The costs of the Programme, which are recognised in the income statement, are calculated in accordance with IFRS 2 and allocated over the Vesting Period. The calculation has been made based on the closing price of Holmen’s class B share as at 20 February 2026, i.e. SEK 360 per share, and with the following assumptions: (i) an annual dividend yield of approximately 3 per cent, (ii) an annual employee turnover of 5 per cent, (iii) that the TSR condition is met, (iv) an average fulfilment of the Financial Target of 50 per cent, and (v) the total maximum number of shares available for allotment as set out in section A.m above. In addition to the above, the costs of the Programme have been based on the assumption that the Programme includes 10 Participants and that each Participant makes a maximum investment.
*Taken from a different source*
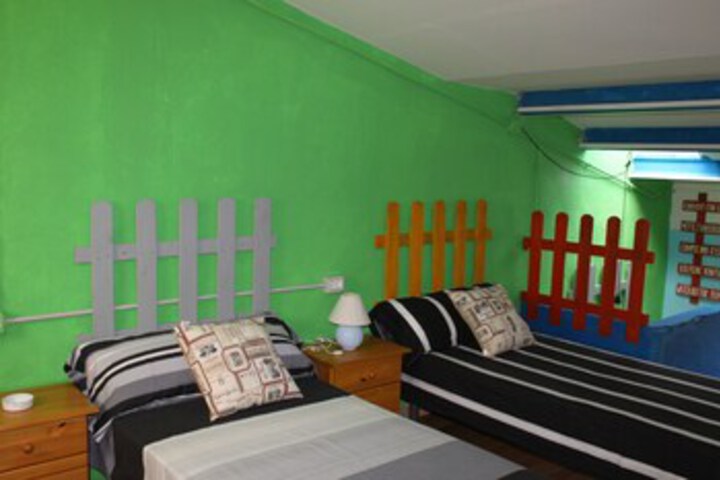 Room 20 of 24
The total estimated costs of the Programme according to IFRS 2 amount to approximately SEK 9 million, excluding social security contributions (SEK 17 million if the TSR condition and the Financial Target are fulfilled at 100 per cent). Social security contributions are estimated at approximately SEK 4 million, based on the above assumptions and assuming an annual share price increase of 10 per cent during the term of the Programme and a tax rate on social security contributions of 31.42 per cent (SEK 8 million upon fulfilment of the TSR condition and the Financial target at 100 per cent).

The expected annual costs of SEK 4 million, including social security contributions, correspond to approximately 0.1 per cent of the Holmen Group’s total personnel costs for the financial year 2026 (0.2 per cent upon fulfilment of the TSR condition and the Financial target at 100 per cent).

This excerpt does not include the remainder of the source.